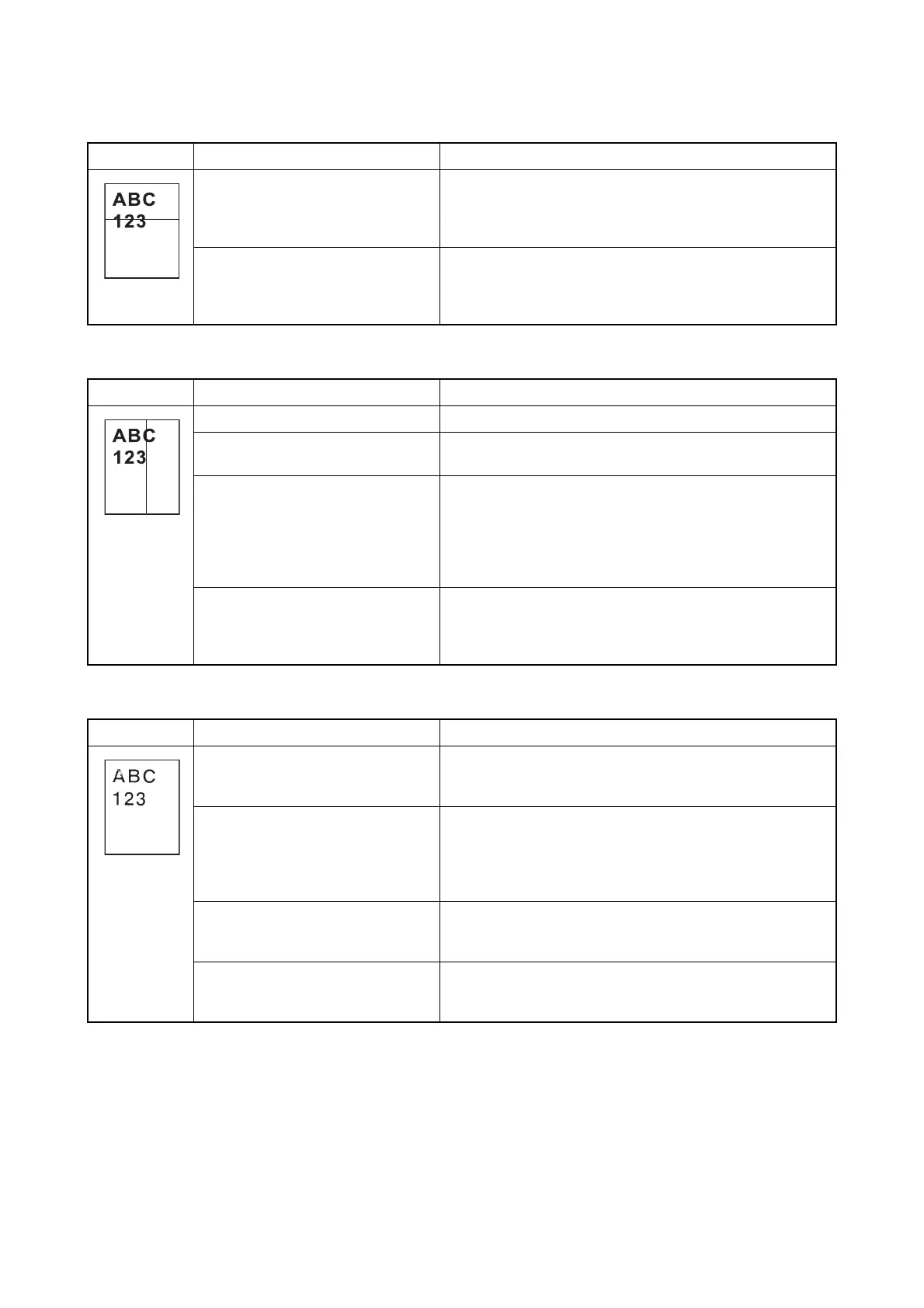 Page #52 background image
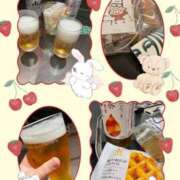 ヒメ日記 2025/04/25 10:00 投稿 まいか 錦糸町人妻セレブリティ（ユメオト）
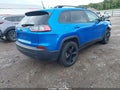 2020 Jeep Cherokee — photo 4 of 17 | VIN 1C4PJMLB6LD563146
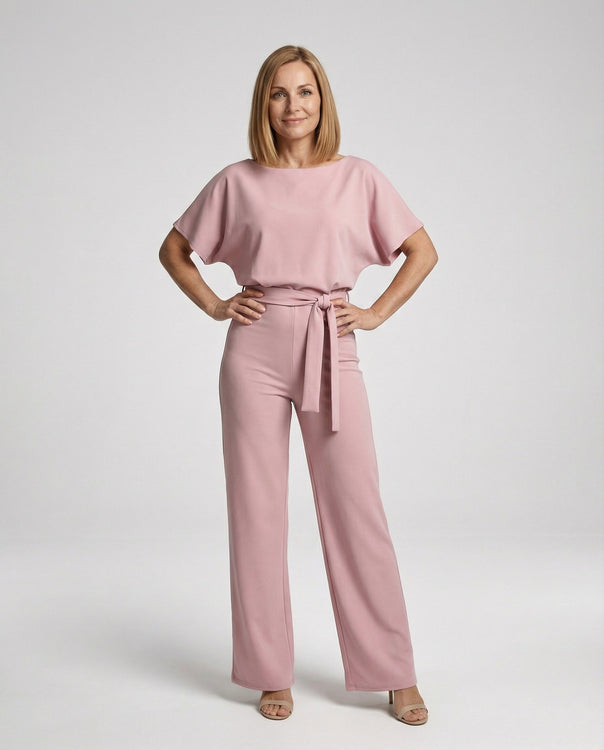 Product 15451647934794 - full_body_front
---
- Task prompt
Each line from the one that holds "2020 Jeep Cherokee" through the end of the material should be repeated exactly, and nothing more. Leave out any picture.

- Exercise output
 2020 Jeep Cherokee — photo 4 of 17 | VIN 1C4PJMLB6LD563146
 Product 15451647934794 - full_body_front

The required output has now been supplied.